During the holiday season, Ruchlewicz was a perennial fixture at the Locust Lane Santa House, serving as "Stanta" Claus to the delight of children and parents alike.
But he was also a driving force behind many of the events that make up the annual Miracle on Main Street activities in Westminster: the parade, the tree lighting and other special events that bring people, businesses and organizations together.
Ruchlewicz was recognized as a leading authority on planning and economic development for small communities — but he seemed to embrace the holidays in Westminster with special fervor.
Sam Greenholtz, who served on the Westminster Common Council from 1987 through 1993, recalled working with Ruchlewicz and the Greater Westminster Development Corporation to plan for the holidays, and especially, "the idea of reviving an old Westminster tradition of having a Christmas parade."

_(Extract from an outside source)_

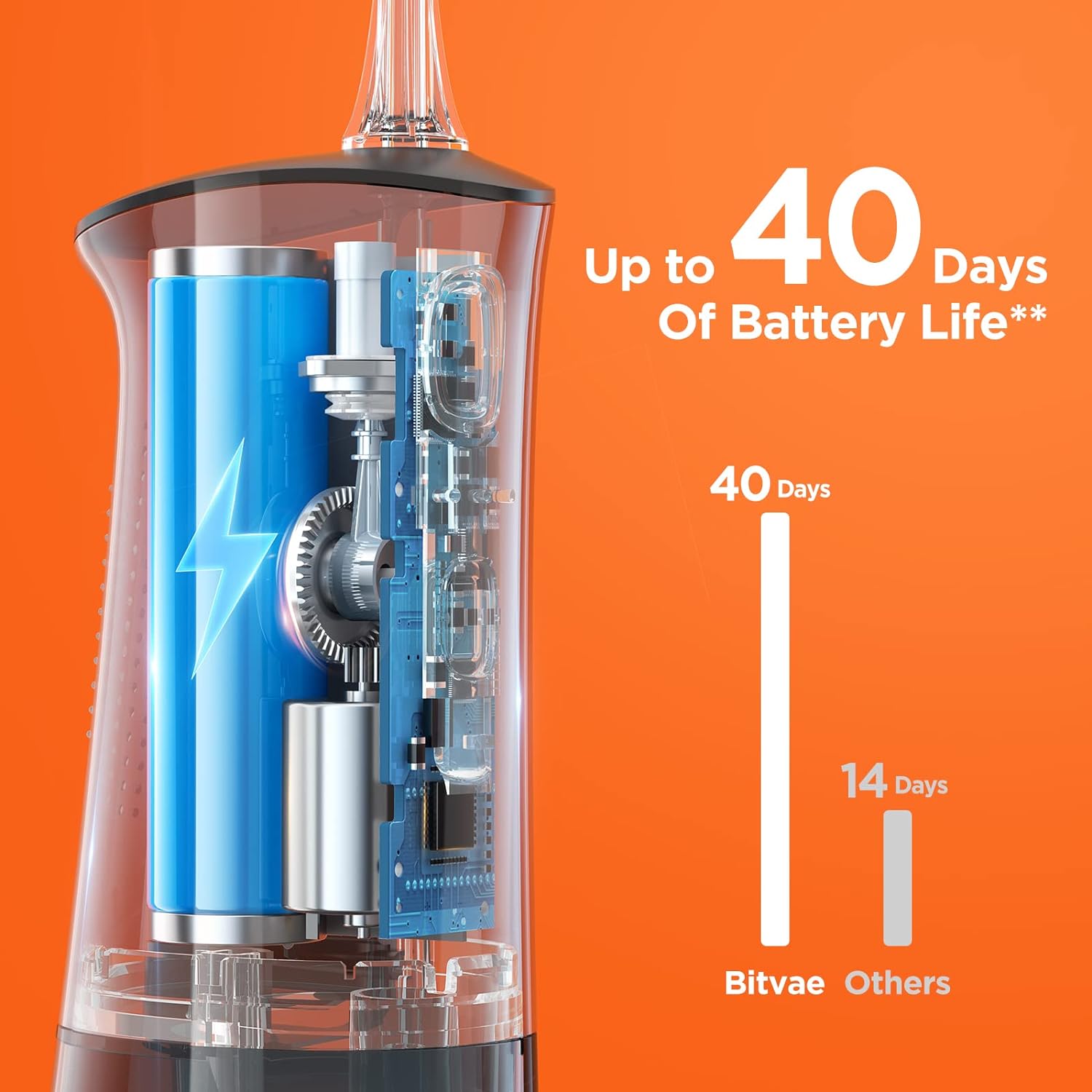 Máy tăm nước Nha Khoa Bitvae Water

"Stan jumped on the idea and began making calls, planning some type of promotion to go with the parade and bringing all of the pieces together. I think that was in July, and at the August meeting we had it all put together, with Stan leading the charge," said Greenholtz in an email.
"He kept saying how much he enjoyed the holidays, he said. "I remember he wanted to be Santa in the parade, but realized we needed his talents elsewhere. ... He figured it all out for the future parades.
"I once told him he reminded me of Tim Allen in the (movie) 'Santa Clause,' because he transformed around the holidays, just as Tim did in the movie," said Greenholtz. "He loved it."
Westminster's director of planning, Tom Beyard, called Ruchlewicz "Mr. Main Street," and said he, "doubled as our downtown Santa Claus. ... Santa Stan spent countless weekends at his Christmas House on Locust Lane."
Sherri Hosfeld Joseph, owner of Birdie's Coffee Café, credits Ruchlewicz as one of many who helped her get her Main Street restaurant off the ground.
"This holiday season will be joyful, in part because of his work, she said. "Stan will be on our minds, but I'm sure he is looking down on us from above as we prepare for the holidays."
In 2010, Ruchlewicz estimated that some 22,000 people had come to Main Street for the parade and activities opening the holiday season. That made it an economic development success, but he measured it another way.
"What really makes it all worthwhile, and this comes from my years of being a 'special assistant' to Santa Claus, is watching the awe-struck faces of the kids watching the parade, lighting the tree and having fun," Ruchlewicz told The Eagle.